The Latvian MultiSimLex and TAPACO results should be read as a practical approximation, not as a native Latvian gold standard. The machine translated datasets reduce the bias of the earlier FLORES-only Latvian ranking, but a future native Latvian evaluation set would still be better.

Latency and vector cost

We also measured operational performance on a multilingual TAPACO-derived sample with 3,000 corpus texts and 512 query texts. The search benchmark used an exact flat NumPy dot-product index, so the numbers are useful as a local baseline rather than as vector-database or approximate-nearest-neighbour production latency.

Model	Dim	Embed ms/query	Index build ms	Query p50 ms	Query p95 ms	Memory/vector
`Octen-Embedding-4B`	2,560	13.27	8.02	0.61	0.72	10,240 B
`Octen-Embedding-8B-INT8`	4,096	25.01	18.76	1.09	1.27	16,384 B
`Octen-Embedding-8B`	4,096	23.19	20.14	1.28	1.53	16,384 B
`Qwen3-Embedding-8B`	4,096	23.19	18.80	1.43	2.08	16,384 B
`llama-embed-nemotron-8b`	4,096	22.86	19.75	1.21	1.50	16,384 B
`KaLM-Embedding-Gemma3-12B-2511`	3,840	36.29	10.37	1.12	3.13	15,360 B
`harrier-oss-v1-27b`	5,376	86.26	13.78	1.57	3.52	21,504 B

This performance view strengthens the case for Octen-Embedding-4B as the default operational choice.

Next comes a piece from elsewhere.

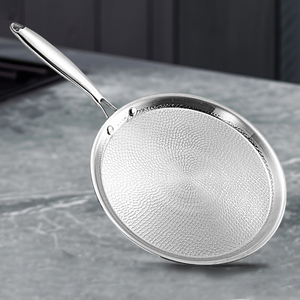 Non Stick Titanium Honeycomb Crepe <strong>Pancake</strong> <strong>Pan</strong> Heavy Duty Cooking Titanium Frying <strong>Pan</strong> Titanium Pizza Griddle <strong>Pan</strong> - Product Image 3
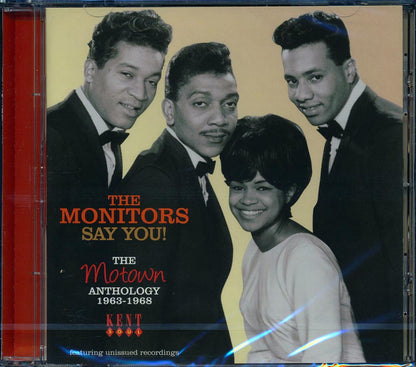 The Monitors - Say You: The Motown Anthology 1963-1968 (26 tracks) [New CD]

It is not only the best average scorer; it is also materially faster and cheaper to store because it emits 2,560-dimensional vectors rather than 4,096-dimensional or larger vectors.

Interpretation

The main engineering conclusion is that multilingual semantic search is ready for archive-style experimentation. The safest default is now Octen/Octen-Embedding-4B, especially when speed and index size matter. Octen/Octen-Embedding-8B remains the best Finnish-specific model, while Octen/Octen-Embedding-8B-INT8 is the strongest Latvian result in the updated evaluation.

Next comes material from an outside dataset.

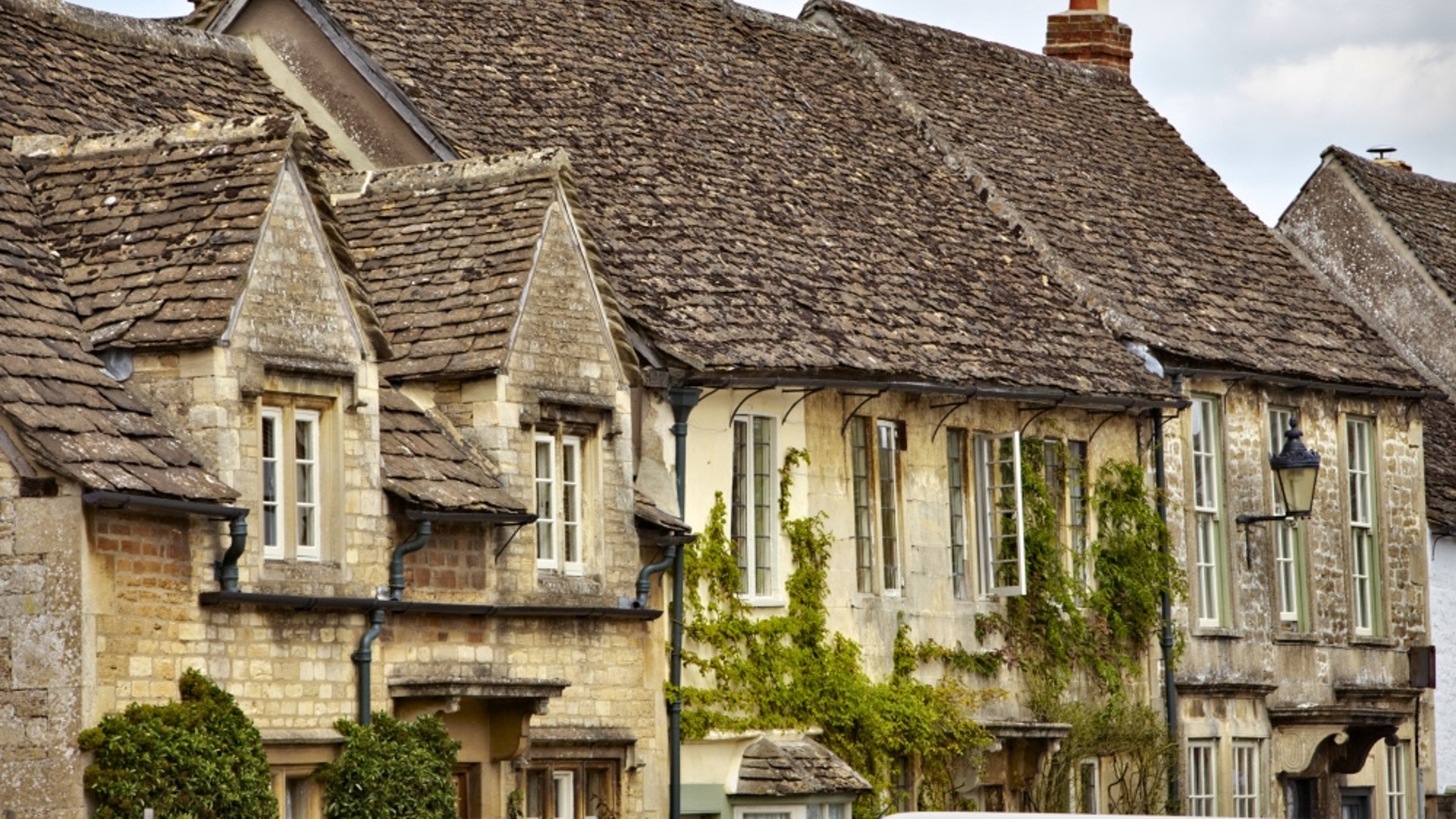 Houses in the village of Lacock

The key caveat has shifted. The problem is no longer that Latvian is FLORES-only; it is that the added Latvian similarity and paraphrase datasets are machine-translated. That is still a weaker evidence base than native Latvian benchmark data, but it is a more balanced comparison than the previous version.

What to update next

The next useful update is to validate the top models on archive-style retrieval tasks: real collection descriptions, OCR or HTR text, query logs where available, and multilingual search examples from project partners. That would test whether the benchmark ranking transfers to the retrieval behaviour users actually experience.